In truth, I think these people are the ones who understand Superman most, even if they’ve never cracked open a comic book. Our world has always been a complex one, but there’s no doubt in the past few years the intricacies of the mad, mad world have exploded with the advent of the digital age. We demand more, as people. We demand more complexity, higher realms of thought, more pathos, more back story, more ambiguity, more everything. And I think that’s what’s truly at the heart of this idea that Superman means nothing to anybody. What they’re really trying to say is that there is no place in this modern world for a person who represents such simple terms and goodness, and honesty and integrity and hope.

But in reality, these great heroes like Arthur and Hercules and Gilgamesh and Moses, they serve a purpose. They offer solace to the beleaguered, hope to the oppressed, a guide to the lost…as long as there is unfairness, neglect, murder, rape, war, atrocity—as long as kids are shot in drive bys on the streets of L.A. and grow up in poverty in the slums of the Dominican Republic. As long as peoples slaughter other peoples based on nothing more than how they look. As long as fathers beat wives and mother’s abandon children and good men get fired for standing up to their bosses and brave men die for their countries, the fact of the matter is, Superman will remain necessary. Because we need him.

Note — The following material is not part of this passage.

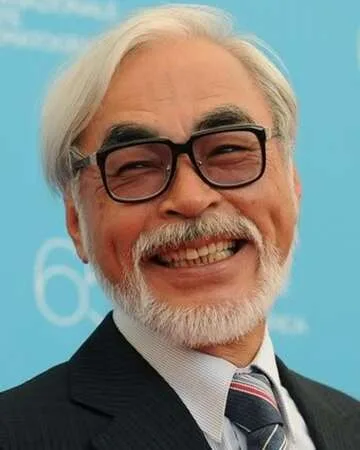 Celebrating Hayao Miyazaki: The Master Filmmaker at 83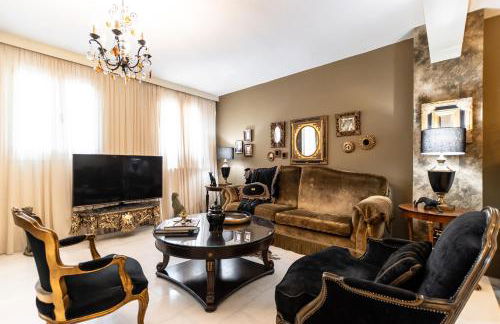 Mythodea Luxury Villa I Naxos - Foto 22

And due to the omnipresence of the digital age, everyone can have him. He finds himself in the unique position of being the first cultural hero to be propagated beyond the borders of his creation. There’s a reasons his symbol is one of the most recognized on Earth. He's no longer an American hero. He's the world's hero.

And yes we need the Batman’s and the Wolverines, and the Hotel Rwandas and the A Separations of the world. There’s no doubt of their purpose they serve. They show us what we have to fix; they show the world as it is, and why we cannot rest in making it better.

But we also need Superman. To show us where we have succeeded. To show us where we are true. To show us what we could become, if we wanted.

The cape means something. The invincibility means something. That crazy red “S” means something.

And so, Mr. Landis, I must respectfully disagree.

People do care about Superman.

Whether they know it or not.

Until next time,

Mr. E

1 comment:

  1. Ahhhh this one. This post is great and gets at the heart of something I am so passionate about. I am actually hoping to write my undergrad senior thesis in philosophy on the relation of narrative to truth... hopefully focusing on the archetypes and story arcs that we love so well. Keep on keeping on!